Hanna Zawa-Cywińska – Life and Work

The Retroavangarda Gallery presents the graphic works and paintings of the outstanding artist Hanna Zawa-Cywińska at the 22nd Warsaw Art Fair – stand G14. Below, we present a brief biography of the artist and texts written by renowned Polish art historians.
Hanna Zawa-Cywińska – Life and Work
Essay by Andrzej Matynia

Bożena Kowalska on the Art of Hanna Zawa-Cywińska
Marek Bartelik on Hanna Zawa-Cywińska

Life and Work

Hanna Zawa-Cywińska (born 1939 in Łomża) – a Polish contemporary artist. She studied biochemistry and journalism at the University of Warsaw, and after leaving Poland in 1967, she pursued studies in advertising and graphic design in New York at the Fashion Institute of Technology and the State University of New York at Purchase, where she earned her degree in 1981. In the United States, she began her artistic career, becoming involved with the circle of Op Art and geometric abstraction artists. She collaborated, among others, with Polish-born Op Art painters Richard Anuszkiewicz and Julian Stańczak. During her stay and work in New York, she co-founded the Polish American Artists Society.
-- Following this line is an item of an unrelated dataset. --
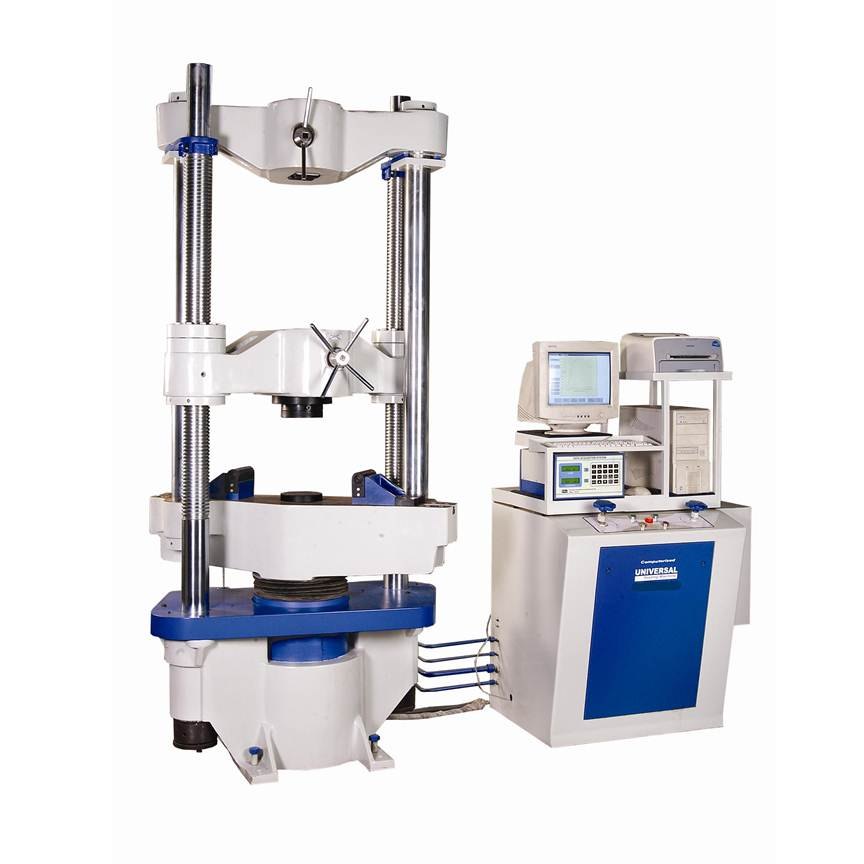 Computerized Universal Testing Machines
Since the 1980s, she has collaborated with Bożena Kowalska and Gerard Blum-Kwiatkowski, taking part in numerous exhibitions and artistic symposiums. In 1987, she held her first solo exhibition in Warsaw, and since 1991 she has been actively participating in Poland’s art scene. From 1994 to 2004, she lived and worked in Switzerland, where she was a member of VISARTE, and from 2004 to 2018 she divided her time between Paris and Warsaw.

Zawa-Cywińska has presented over 50 solo exhibitions and participated in more than 150 group shows across Europe, the United States, Japan, and Brazil. Her works are included in the collections of numerous museums worldwide, including the National Museum of Women in the Arts in Washington, D.C., the National Museum in Warsaw, the Museum of Art in Łódź, the MIT Museum in Cambridge, and the Tucson Museum of Fine Arts. She has received several distinctions, including the Art Directors Club Award in New York. Her works are also part of the David Bermant Foundation collection, which focuses on art integrating light and sound.
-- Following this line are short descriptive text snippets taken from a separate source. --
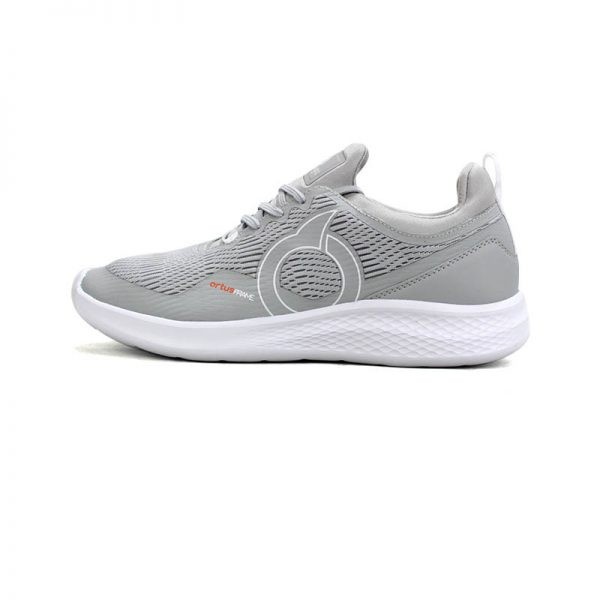 ORTUSEIGHT CEREZA LT GREY/WHITE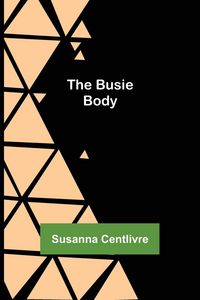Produktbild: The Busie Body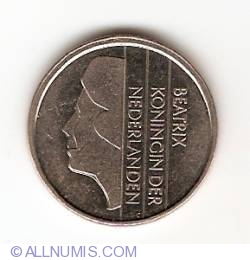 Image #2 of 25 Cents 1992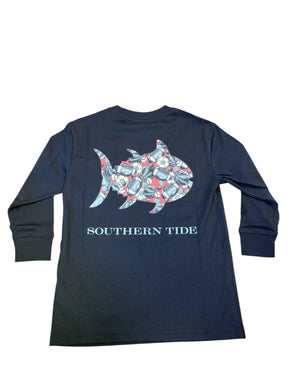LS Having a Ball Tee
Among her most renowned series are I-Ching and Flirt with Kandinsky. In the latter, Zawa-Cywińska juxtaposed her own linocuts with fragments of Wassily Kandinsky’s lithographs, creating a visual dialogue with the master of abstraction. The compositions from this period combine rhythmic structures, intense color, and a profound spiritual reflection on the nature of art.

Selected Graphics from the “Flirt with Kandinsky” Series:

Essay by Andrzej Matynia on the occasion of the opening of Hanna Zawa’s exhibition “Works on Paper – Series: Flirt with Kandinsky” at the Andre Zarre Gallery in New York, March 1990.
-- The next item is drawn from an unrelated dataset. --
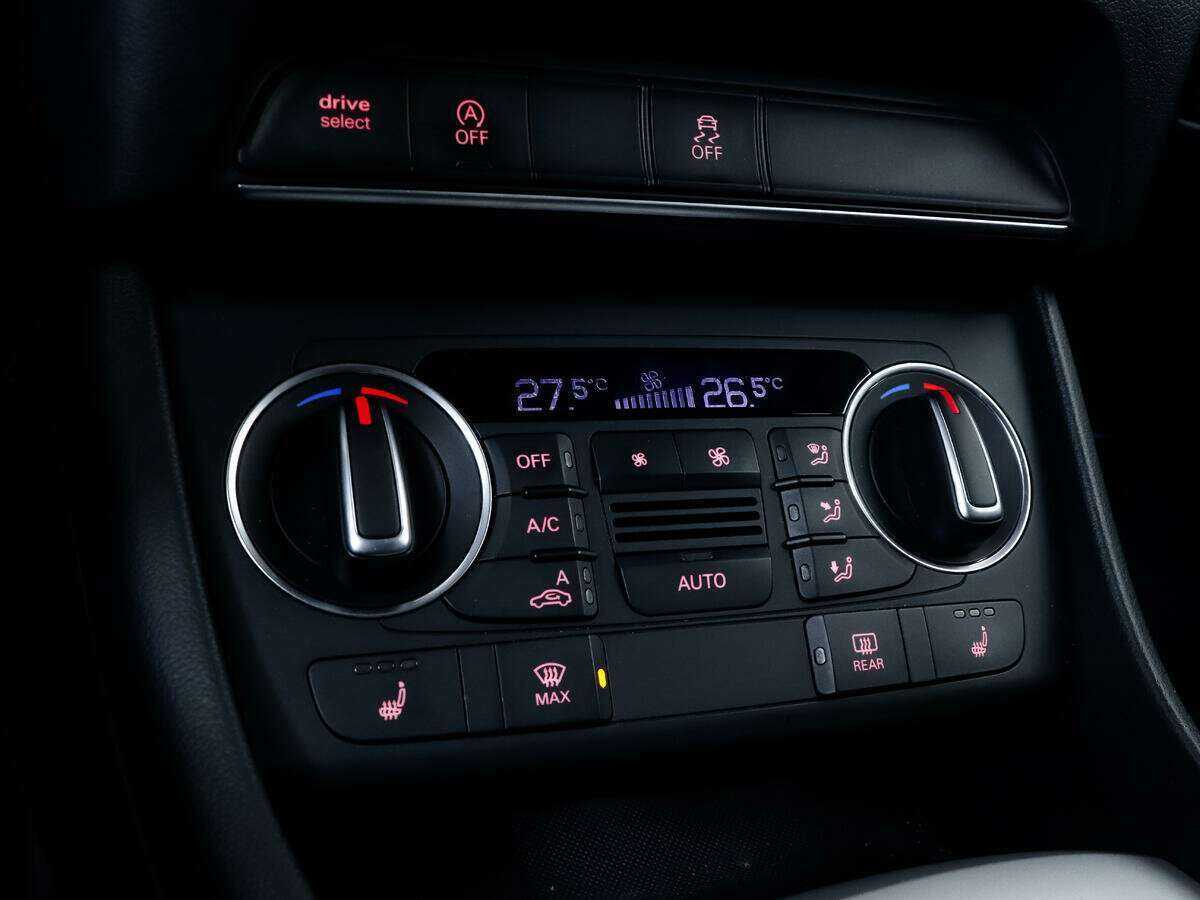 Купить Audi Q3, 2016, 152 349 км, фото №16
In 1944, when Wassily Kandinsky passed away, Hanna Zawa-Cywińska was five years old. Kandinsky had opened a new chapter in American painting. Through the influence of Hans Hofmann, who emigrated from Germany to the United States in 1930, Kandinsky’s ideas spread among an entire generation of Abstract Expressionists. His notion of liberated color—freed from all constraints in accordance with “inner necessity”—found many followers in America.

However, when Hanna Zawa-Cywińska began her artistic journey, other tendencies dominated the art world. Artists programmatically rejected traditional painterly rules, proclaiming with nonchalance that a work of art is anything the artist creates, and anyone can be an artist. Over time, technology and its detritus entered the realm of art. Arman filled his objects with discarded radio tubes, while Jean Tinguely animated fairground-like sculptural elements using industrial motors and engines. Neon objects appeared as well.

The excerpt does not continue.